In lieu of flowers, the family has requested that everyone try to live as Jesus did. Donations may be sent to anyone in need.
I had this illustration sent to me this week by several well-meaning church members. As I previewed the item, it hit me the number of inaccuracies listed in the illustration that most people over-looked. Let’s consider several of them.
First of all, "The causes of death were extreme exhaustion, severe torture, and loss of blood," is wrong. It was my sin and your sin which caused His death. He willing gave His life for us that we might have a relationship with Him.
Then, "He was the Son of the late Joseph, a carpenter of Nazareth," is also incorrect! He was not the son of Joseph but is the Son of God. He is Immanuel, God with us!
Third, "He is survived...by His faithful Apostles," is just wrong! They all abandoned Him. They were anything BUT faithful! So much for Peter’s never forsaking Him!
Fourth, "On the day before His death, He held a Last Supper celebrating the Passover Feast, at which He foretold His death," is incorrect. He had been telling His disciples for a year that He would die by the hands of the religious Jews and secular Romans. He was telling them this long before the final Passover meal.
Fifth, "The Body was quickly buried in a stone grave, which was donated by Joseph of Arimathea, a loyal friend of the family. By order of Pontius Pilate, a boulder was rolled in front of the tomb. Roman soldiers were put on guard," gives the impression His life was over! That was it! Life was finished. So, where is the resurrection? This implies He was simply a man who left us a wonderful legacy!

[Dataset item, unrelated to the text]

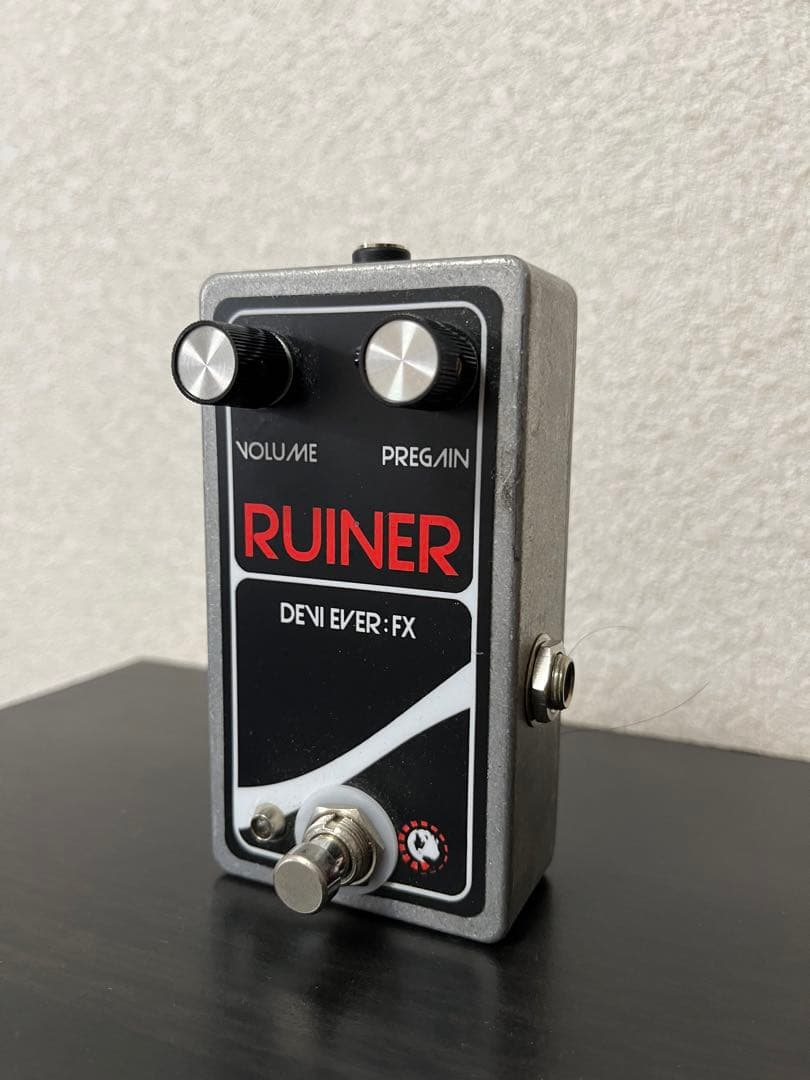 Devi Ever Ruiner エフェクター　ベース　ギター　ファズ　Fuzz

Then we discover the phrase, "In lieu of flowers, the family has requested that everyone try to live as Jesus did," makes it appear that it is our good works which get us into heaven. Friends, it can’t be done! It is impossible because Jesus was holy, righteous and without sin. Can’t say the same about us!
But the one which is so obvious is, "OBITUARIES." There can never be an obituary for one who is still alive! Jesus died and rose again to give us real life in Him! He now sits at the right hand of the Father! Even if the obit had been written on the crucifixion day, the paper would have had to run a retraction on Monday!